[Given material]
»»
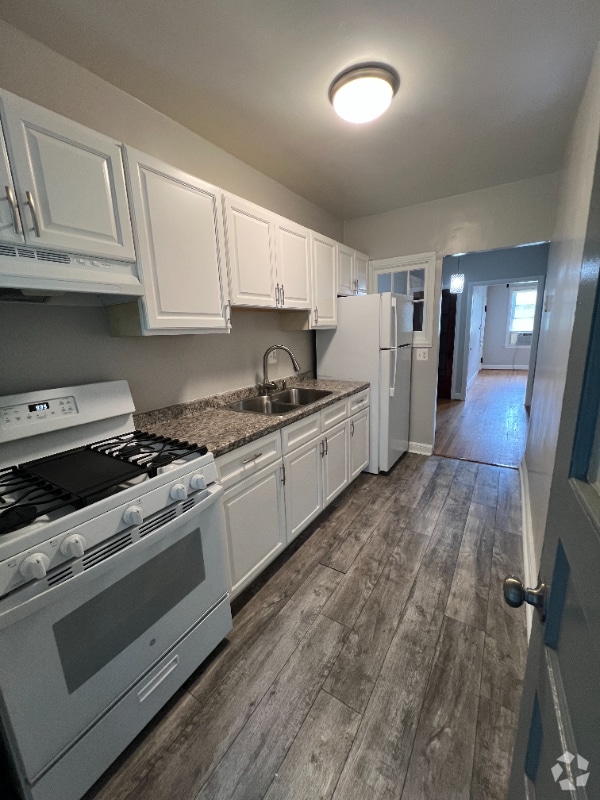 Building Photo - 8207 Schrider St Rental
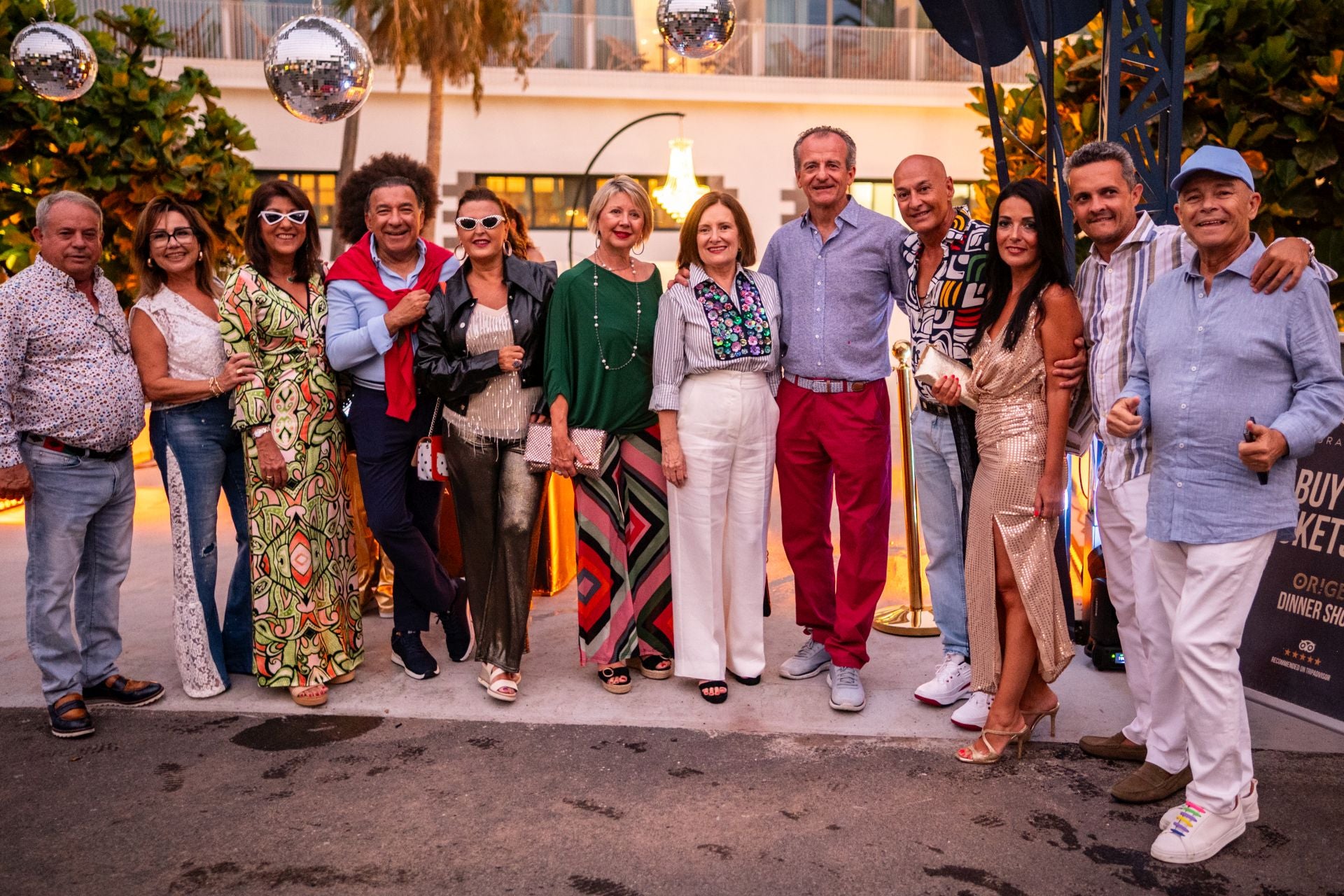 La Fiesta Revive los 80s en Sala Scala reúne a más de 400 personas en una noche inolvidable de música, sorpresas y diversión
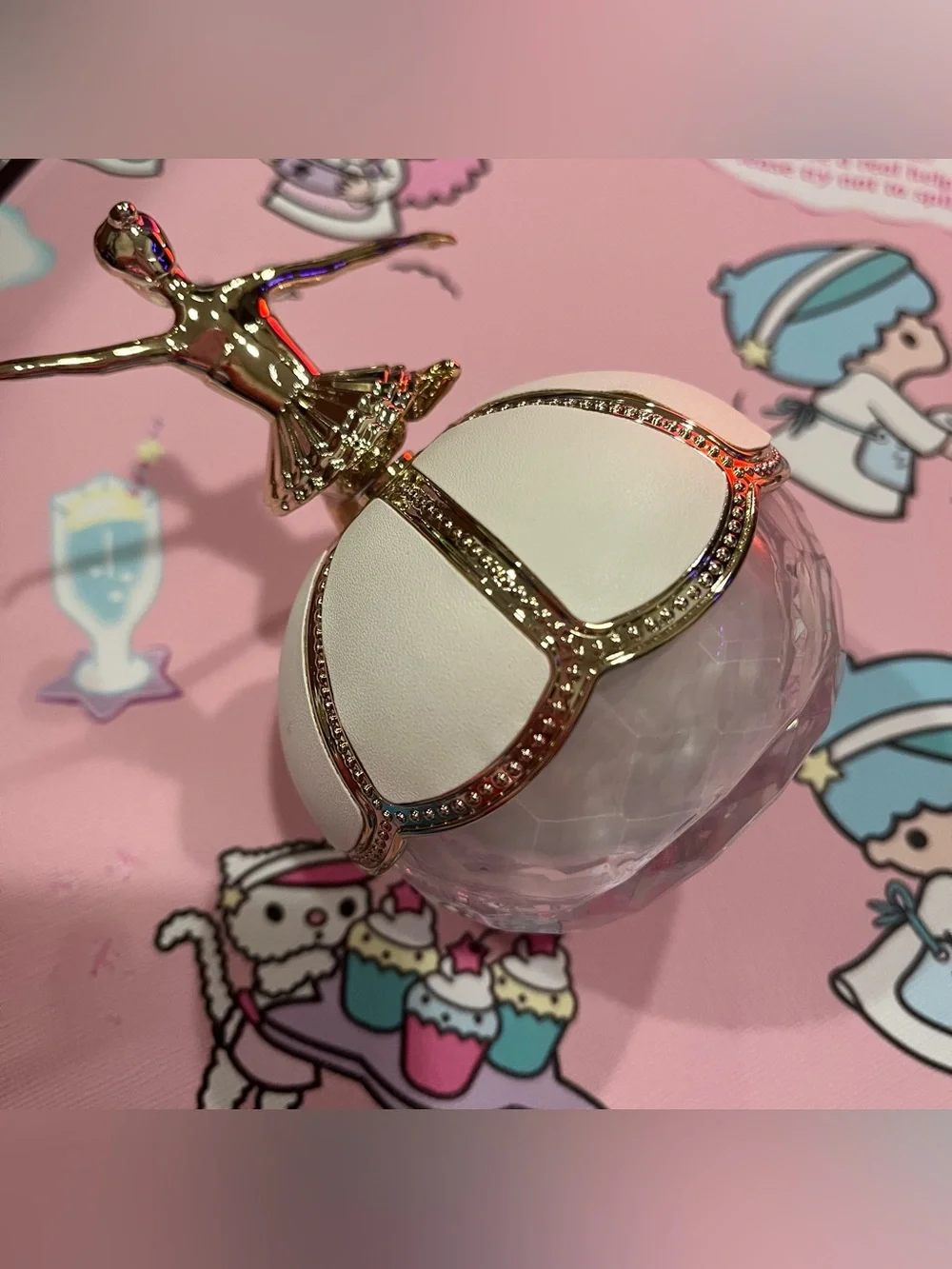 Ballerina Face Powder with Spinning Ballerina - Translucent White Color - NIB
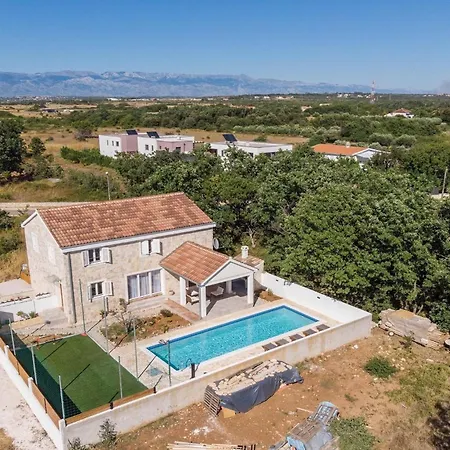 Aenona Hébergement de vacances Zadar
««
[Required work]
Transcribe only the lines from the line holding "Ballerina Face Powder" to the final line of the listing above. Keep them exact, include both ends, and skip the pictures.

[Solution]
 Ballerina Face Powder with Spinning Ballerina - Translucent White Color - NIB
 Aenona Hébergement de vacances Zadar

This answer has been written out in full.